## [TASK DETAILS]
Copy exactly, and copy nothing else: the line that contains "ClustrixDB Overview 30" and all lines after it in the listing, without pictures.

## [EXTRACTED RECORDS]
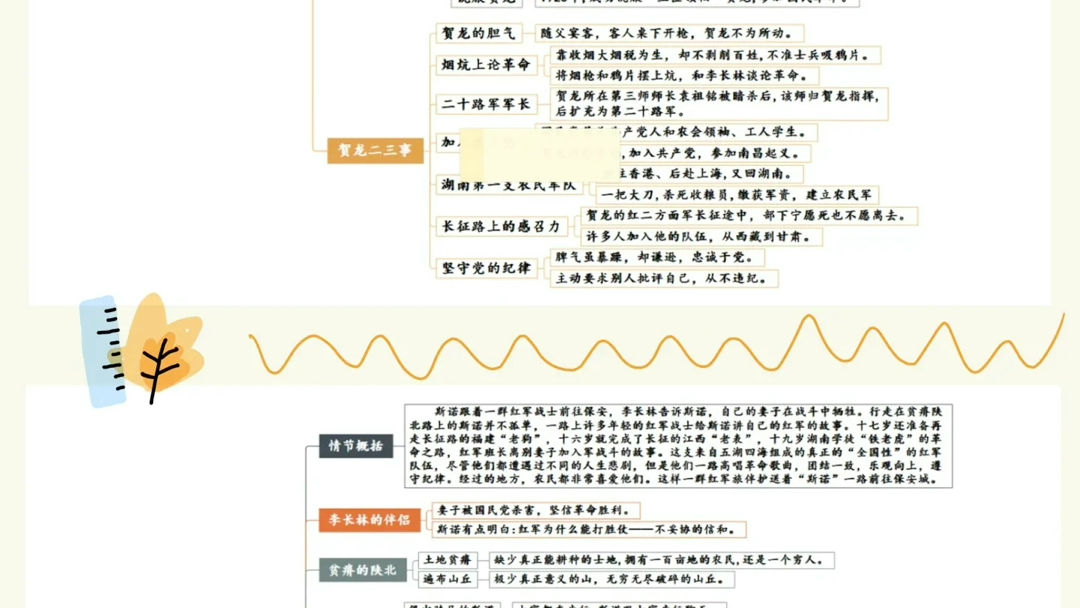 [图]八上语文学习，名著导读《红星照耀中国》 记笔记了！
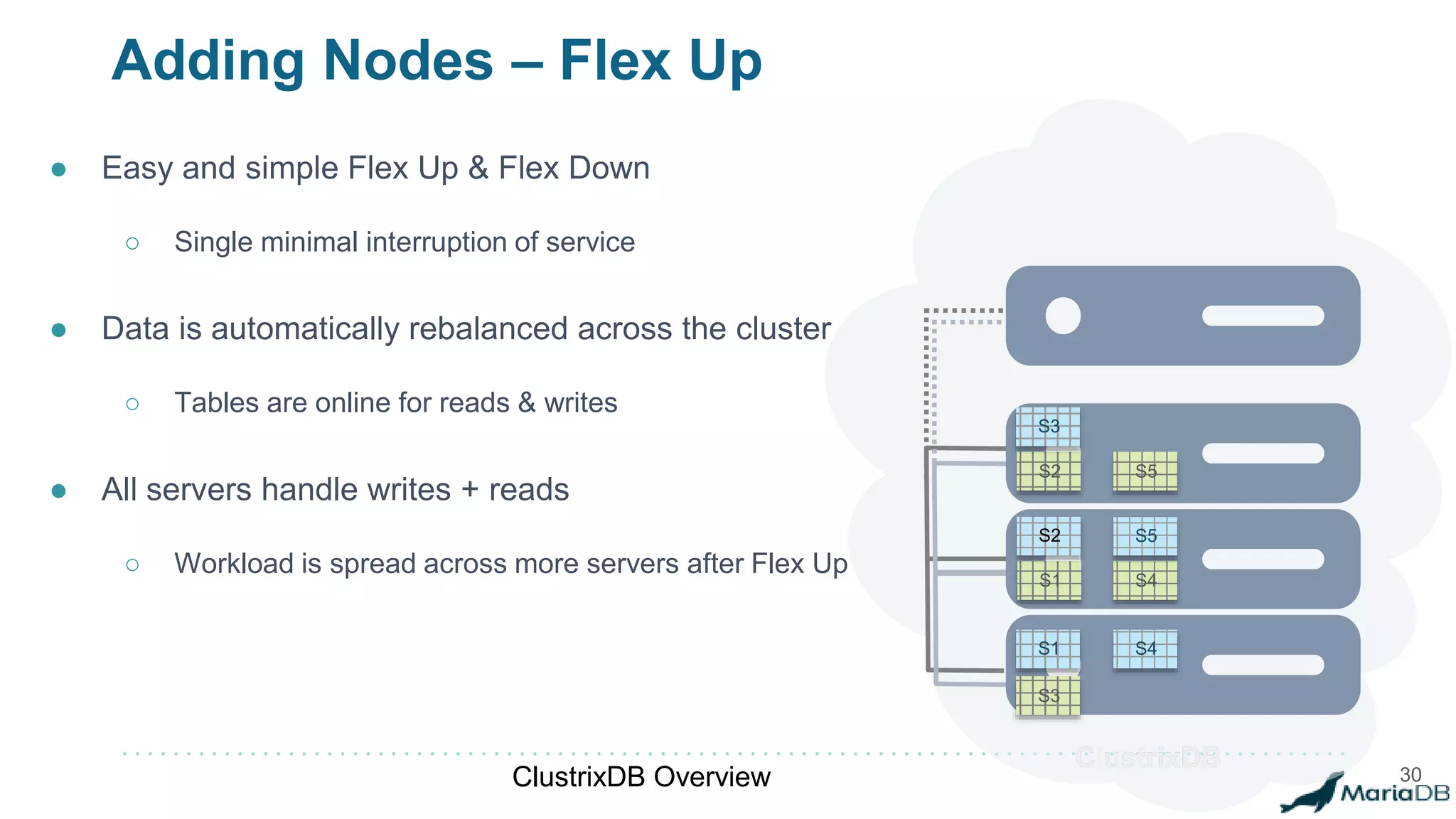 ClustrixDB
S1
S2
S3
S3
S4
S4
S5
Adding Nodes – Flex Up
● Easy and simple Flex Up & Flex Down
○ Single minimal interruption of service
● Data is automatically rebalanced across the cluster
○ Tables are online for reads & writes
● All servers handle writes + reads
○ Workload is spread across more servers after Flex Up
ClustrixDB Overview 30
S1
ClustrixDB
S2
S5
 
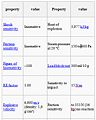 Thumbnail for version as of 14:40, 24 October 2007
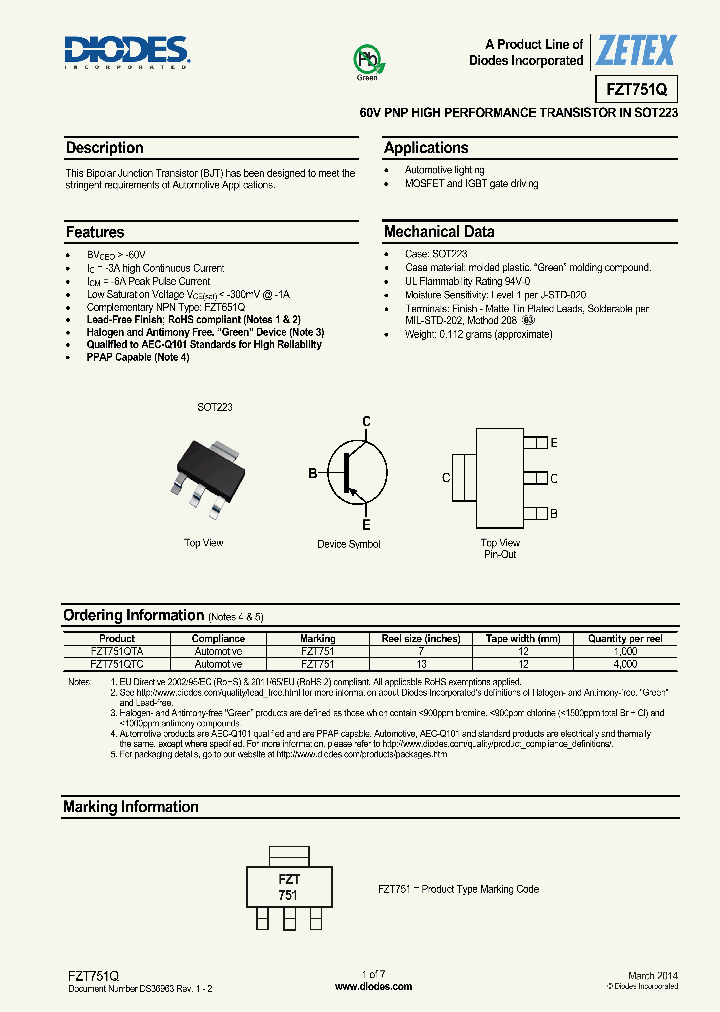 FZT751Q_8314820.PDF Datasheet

## [RESPONSE TO THIS EXERCISE]
ClustrixDB Overview 30
S1
ClustrixDB
S2
S5
 
 Thumbnail for version as of 14:40, 24 October 2007
 FZT751Q_8314820.PDF Datasheet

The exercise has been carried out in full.